**ASSIGNMENT**
Without pictures, repeat exactly the lines from the one containing "Ethora Collection Modern" through the end of the entries.

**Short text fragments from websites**
───
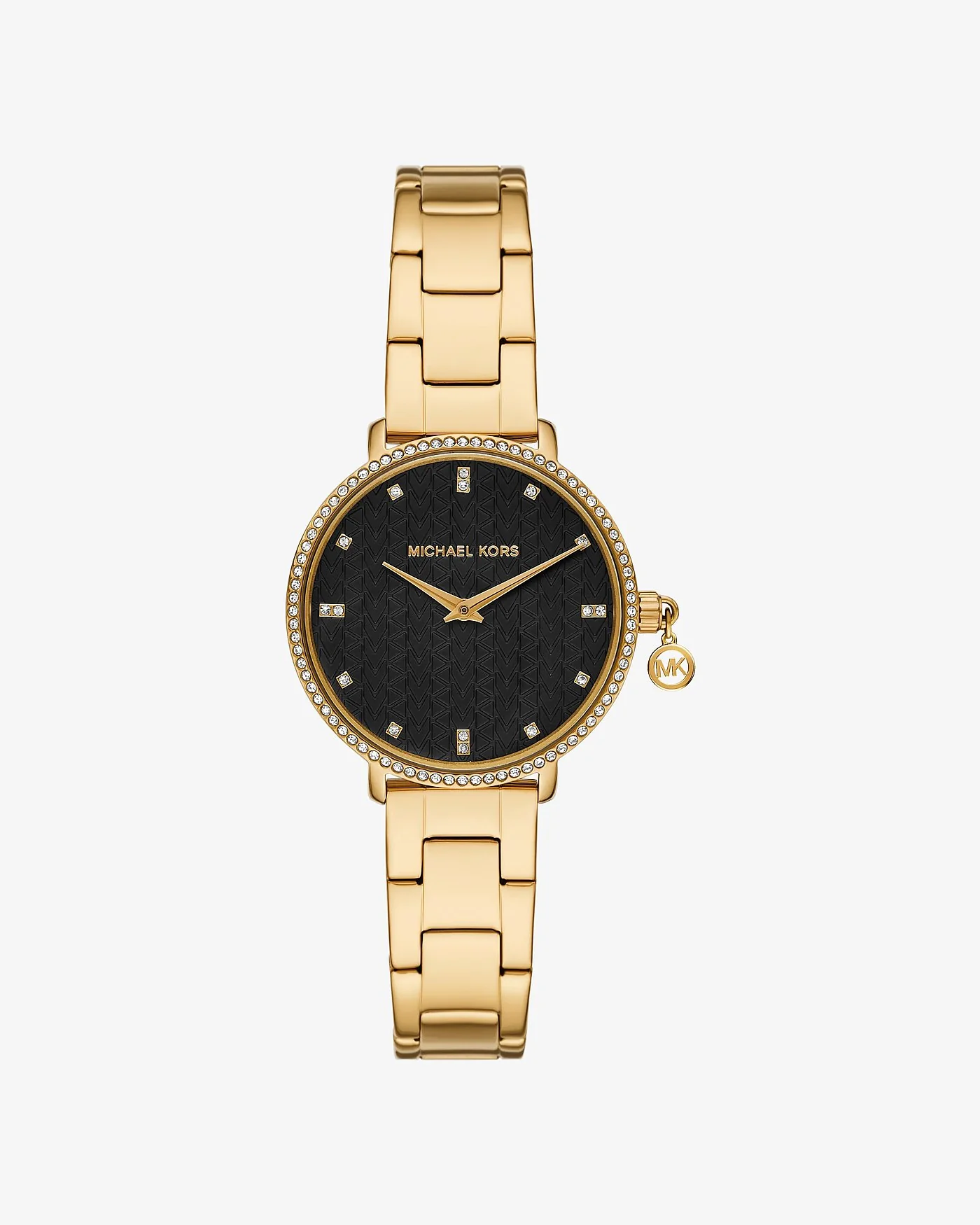 Женские часы Michael Kors Mini Pyper с кристаллами и золотистым браслетом — 1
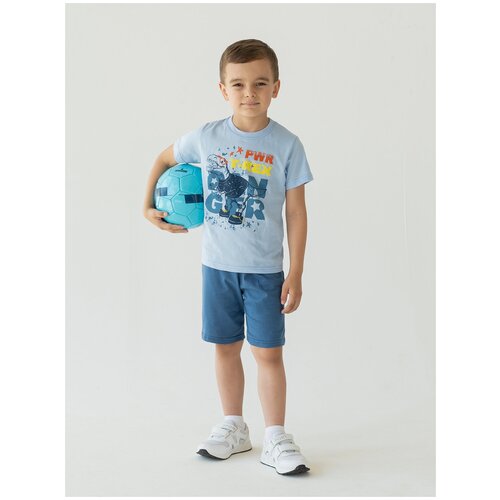 фото Комплект для мальчика 790 утенок (футболка+шорты), рост 104 см, голубой_джинс_т-рекс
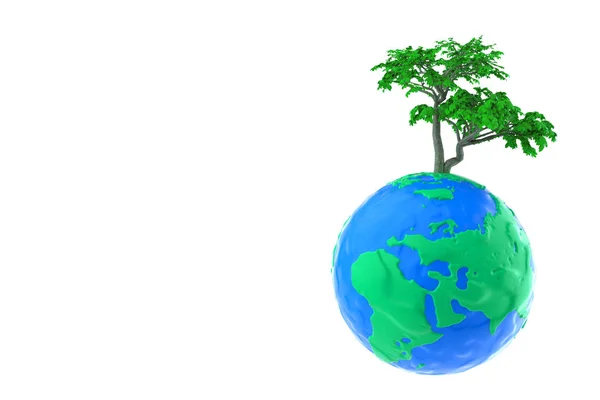 Концепція екології. Green Tree over Plasticine Clay Earth Globe (англійською). 3d — стокове фото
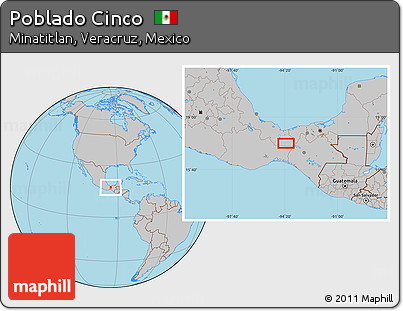Gray Location Map of Poblado Cinco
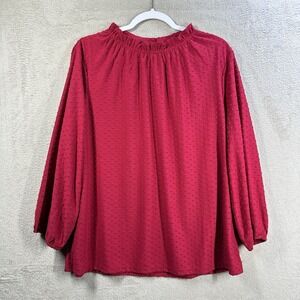 Adrianna Papell Blouse Top Women Size XL Red Swiss Dot Relaxed Fit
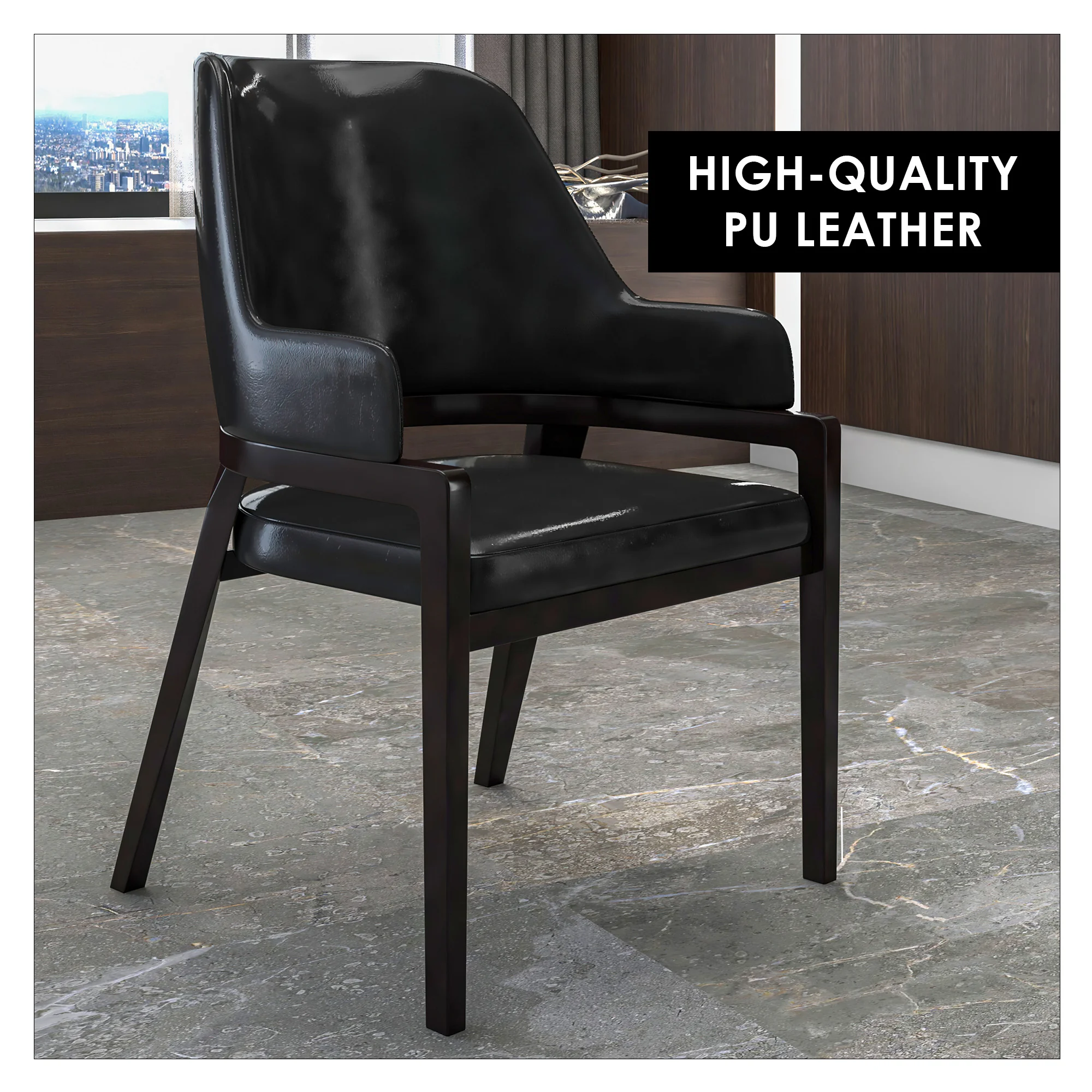 Ethora Collection Modern Wooden Dining Chair in Black Set of 4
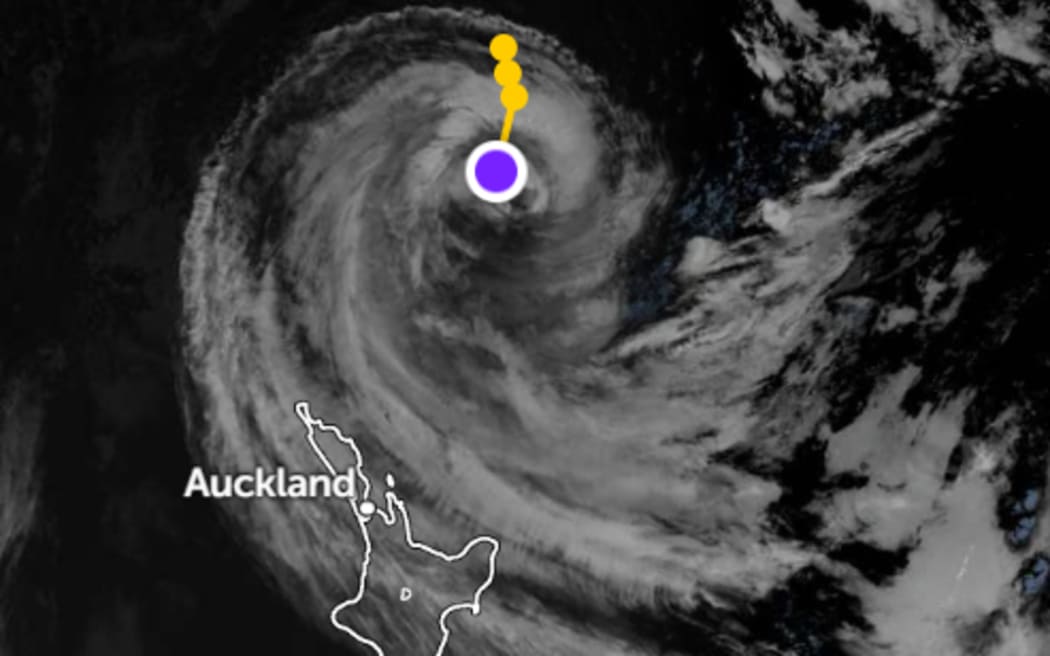 Satellite imagery and the projected track of Cyclone Vaianu as it closes in on New Zealand.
───
**YOUR RESPONSE**
 Ethora Collection Modern Wooden Dining Chair in Black Set of 4
 Satellite imagery and the projected track of Cyclone Vaianu as it closes in on New Zealand.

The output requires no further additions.